German Manufacturing Orders Up; Steel Output Mixed

Jan. 13, 2005
FRANKFURT: German manufacturing orders rose a stronger-than-expected 5.1% in August compared with July on a seasonally adjusted basis, mainly due to a 8.1% surge in foreign orders, provisional data released Oct. 6 by the Finance Ministry shows. ...
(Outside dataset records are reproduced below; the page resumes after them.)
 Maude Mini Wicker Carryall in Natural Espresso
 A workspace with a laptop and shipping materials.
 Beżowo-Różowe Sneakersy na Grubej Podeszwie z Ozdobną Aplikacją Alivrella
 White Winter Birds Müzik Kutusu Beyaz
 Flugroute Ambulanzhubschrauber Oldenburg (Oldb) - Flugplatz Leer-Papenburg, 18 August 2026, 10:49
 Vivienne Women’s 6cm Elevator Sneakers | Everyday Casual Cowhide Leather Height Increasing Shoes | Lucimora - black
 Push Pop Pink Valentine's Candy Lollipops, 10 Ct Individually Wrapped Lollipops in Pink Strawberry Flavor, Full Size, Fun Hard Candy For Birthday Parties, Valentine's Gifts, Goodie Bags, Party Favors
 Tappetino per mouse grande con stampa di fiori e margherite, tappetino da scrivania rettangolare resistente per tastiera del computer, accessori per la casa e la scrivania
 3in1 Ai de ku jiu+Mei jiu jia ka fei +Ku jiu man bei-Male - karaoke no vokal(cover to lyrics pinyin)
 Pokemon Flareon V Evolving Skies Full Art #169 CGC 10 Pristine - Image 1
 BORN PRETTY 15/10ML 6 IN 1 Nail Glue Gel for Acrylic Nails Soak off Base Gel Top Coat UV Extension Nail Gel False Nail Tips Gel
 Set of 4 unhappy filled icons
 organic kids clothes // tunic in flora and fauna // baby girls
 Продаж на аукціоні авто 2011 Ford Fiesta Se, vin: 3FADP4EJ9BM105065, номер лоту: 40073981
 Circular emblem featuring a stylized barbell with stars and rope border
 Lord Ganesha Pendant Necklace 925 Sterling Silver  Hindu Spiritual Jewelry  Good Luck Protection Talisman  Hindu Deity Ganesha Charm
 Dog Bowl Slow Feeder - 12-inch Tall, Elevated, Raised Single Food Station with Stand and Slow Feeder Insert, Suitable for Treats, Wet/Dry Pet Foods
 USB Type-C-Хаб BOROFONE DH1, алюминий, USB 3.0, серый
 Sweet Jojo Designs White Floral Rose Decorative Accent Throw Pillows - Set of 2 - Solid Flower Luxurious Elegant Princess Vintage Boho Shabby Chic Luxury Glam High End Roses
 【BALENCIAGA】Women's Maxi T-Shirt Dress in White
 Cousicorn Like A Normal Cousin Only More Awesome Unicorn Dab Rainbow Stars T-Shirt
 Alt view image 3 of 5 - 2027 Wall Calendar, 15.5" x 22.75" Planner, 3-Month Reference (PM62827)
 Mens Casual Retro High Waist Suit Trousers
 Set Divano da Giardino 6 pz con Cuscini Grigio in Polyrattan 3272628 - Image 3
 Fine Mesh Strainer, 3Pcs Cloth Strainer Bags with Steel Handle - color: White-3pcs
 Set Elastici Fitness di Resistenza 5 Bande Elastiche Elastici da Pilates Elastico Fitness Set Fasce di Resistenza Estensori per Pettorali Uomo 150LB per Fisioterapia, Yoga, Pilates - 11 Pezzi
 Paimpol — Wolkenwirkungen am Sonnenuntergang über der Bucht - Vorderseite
FRANKFURT: German manufacturing orders rose a stronger-than-expected 5.1% in August compared with July on a seasonally adjusted basis, mainly due to a 8.1% surge in foreign orders, provisional data released Oct. 6 by the Finance Ministry shows. However, the ministry cautioned that special factors such as an "unusual accumulation of foreign big-ticket orders" and the school holiday schedule in July and August had distorted the August data. In nonadjusted terms, August manufacturing orders were up 12.2% from a year earlier, the ministry said. Economists had forecasted August manufacturing orders would rise 0.4% from July and 3.8% on the year. German raw steel output in September rose 1.4% on the year to 3.55 million tons, according to preliminary data released Oct. 6 by the Federal Statistics Office. Total raw steel output in the first nine months was down 9.3% to 31.21 million tons. In Western Germany, raw steel production in September fell 1.3% on the year to 3.01 million tons, while production in the first nine months of the year declined 10.9% to 26.83 million tons. Eastern German September raw steel production rose an annual 19.1% to 540,000 tons, with production for the first nine months rising 1.8% to 4.38 million tons.